Primero, mediante la desnaturalización de las elecciones locales, convirtiéndolas en un anticipo de unas presidenciales no previstas, por cierto, en la Constitución. Los mismos partidos políticos, que ajenos a la democracia interna exigida por la Constitución (art. 6), evitan a toda costa unas primarias auténticas en el seno de cada uno de ellos, desnaturalizan las elecciones locales convirtiéndolas en primarias entre sus líderes. Y en vez de plantear opciones municipales concretas, como la lógica de las instituciones requiere, se va a una alternativa entre opciones globales y personalizadas.
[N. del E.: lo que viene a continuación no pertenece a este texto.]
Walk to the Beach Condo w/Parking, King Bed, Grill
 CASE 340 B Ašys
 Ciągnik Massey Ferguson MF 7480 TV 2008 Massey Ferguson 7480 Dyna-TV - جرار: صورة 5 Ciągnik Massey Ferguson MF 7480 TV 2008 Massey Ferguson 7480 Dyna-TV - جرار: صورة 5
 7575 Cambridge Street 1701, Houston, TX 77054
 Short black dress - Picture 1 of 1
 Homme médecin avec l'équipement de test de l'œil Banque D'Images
Con escaso contenido objetivo, por cierto, y éste es el segundo rasgo de la radicalización. El PP pretende desde 1989 desalojar al PSOE sin dar otra razón que la imperatividad del cambio a toda costa. El "váyase, señor González" es la réplica histórica e invertida al "¡Maura no!". Los errores de Maura y, más aún, de los mauristas, fueron incontables. Pero la actitud del entonces bloque de izquierdas, al destruir el partido conservador, minó los cimientos del propio sistema político.

La inmediata consecuencia de tal actitud es la descalificación global por los socialistas de la alternativa popular como derecha socialmente cavernaria, retrotrayendo el debate a fechas tales que la imputación es peor que falsa; es anacrónica.

Ahora bien -y tal es el tercer rasgo-, al tildar de ultramontana a una fuerza política cuyos programas siguen sin conocerse ni debatirse, el partido del Gobierno se siente tentado, acia una mayor demagogia. Para oponerse a lo que se quiere presentar como derecha, resulta preciso ofrecerse como izquierda. Si aquélla es derechona, ésta tiene que ser radical. Y si la feliz alianza con los nacionalistas es garantía frente a ello, los posibles pactos postelectorales con Izquierda Unida van en tal sentido. Y hoy la demagogia en el campo de las migraciones -léase extranjería y asilo-, de la seguridad, las relaciones exteriores o la fiscalidad, atentan seriamente al Estado.

Las esfinges suelen aparecer en la encrucijada.